# help please.....cloudy water



## izzyiracheta (Jan 4, 2012)

so i just started the whole saltwater thing....i bought a new 55 gal tank....the ladie at the lfs said i could put all my sand in the tank and fill it up with water and then add my salt...it has been 3 days and the water still looks cloudy in my opinion...my FW tank's water is alot clearer...anyways is this just normal or what????


----------



## izzyiracheta (Jan 4, 2012)

oh and i plan on only doing a FOWLR for this tank


----------



## Reefing Madness (Jun 26, 2011)

Gonna need a few things form you before being able to answer>
Do you have any powerheads in the tank, anything for water movement?
Are you running a skimmer?
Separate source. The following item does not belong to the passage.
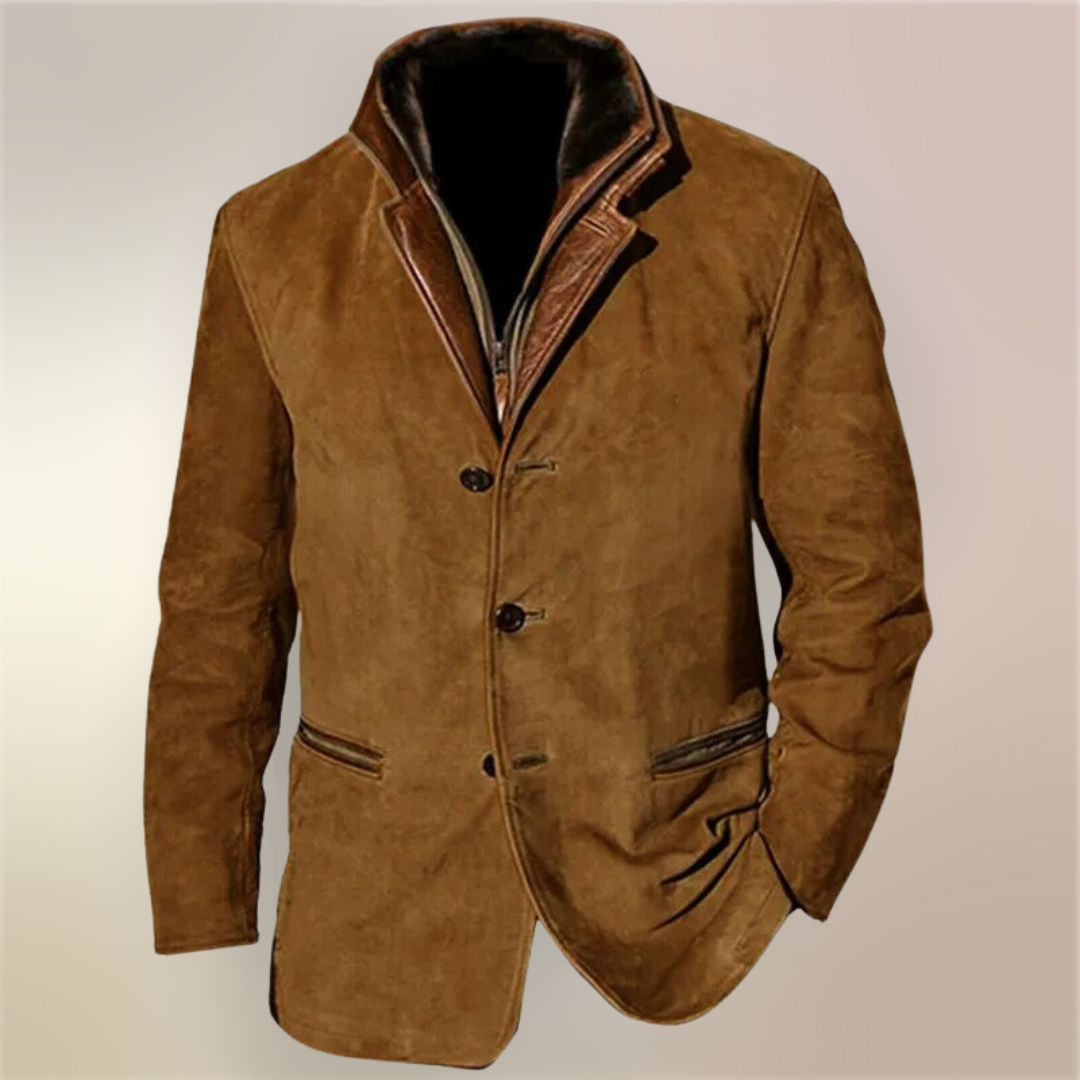 Django | Vintage Jas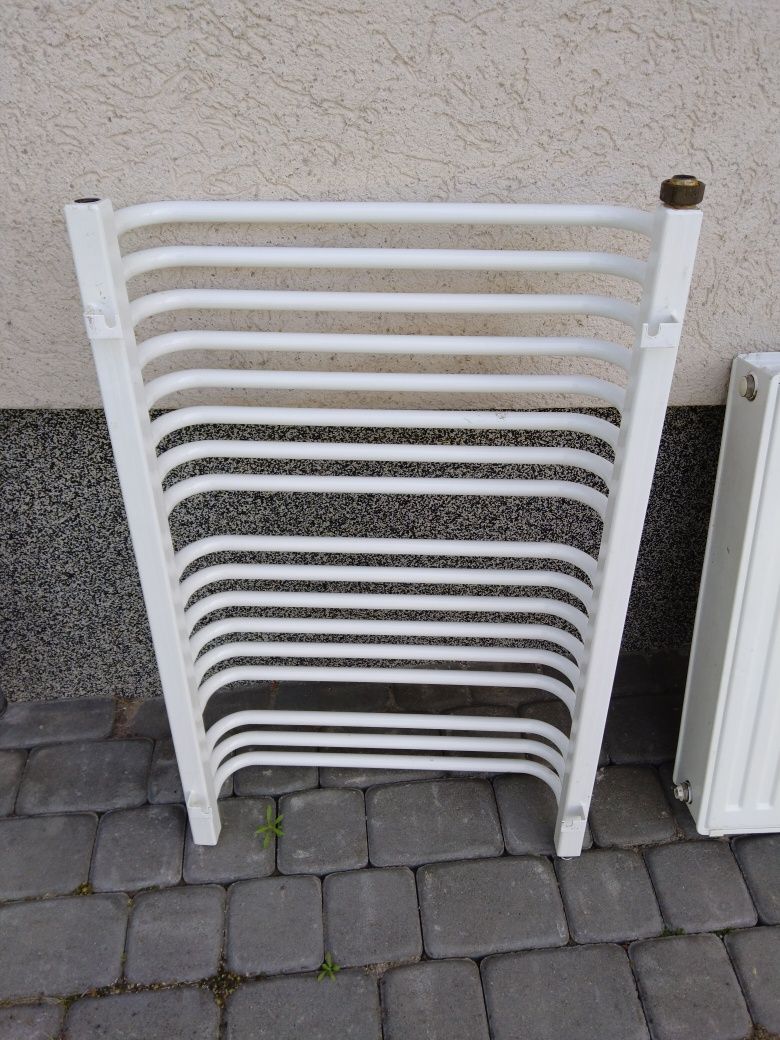 grzejnik łazienkowy 80 cm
What kind, and what is it rated at?
Do you have any Live Rock or Dry Rock in the tank? How much?
With these things in place, your tank would have cleared up in a few days.
Dry Rock, there are a few hitchhickers onLive Rock that people want to stay away from, so they opt for using Dry Rock, or Dead Rock. Macro Rock is a good place to start looking for that. Either way you go you will need a minimum of 1lb per gallon
.Replacement filter media like filter floss and activated carbon (if you get a filter)
Multiple Powerheads (2 or 3) 10x your water volume for just a Fish Only With Live Rock, and at least 20x your water volume for a Reef Tank. So lets say your going reef, and you have a 100g tank, you would need flow in that tank at minimum of 2000gph, or 2 1000gph powerheads.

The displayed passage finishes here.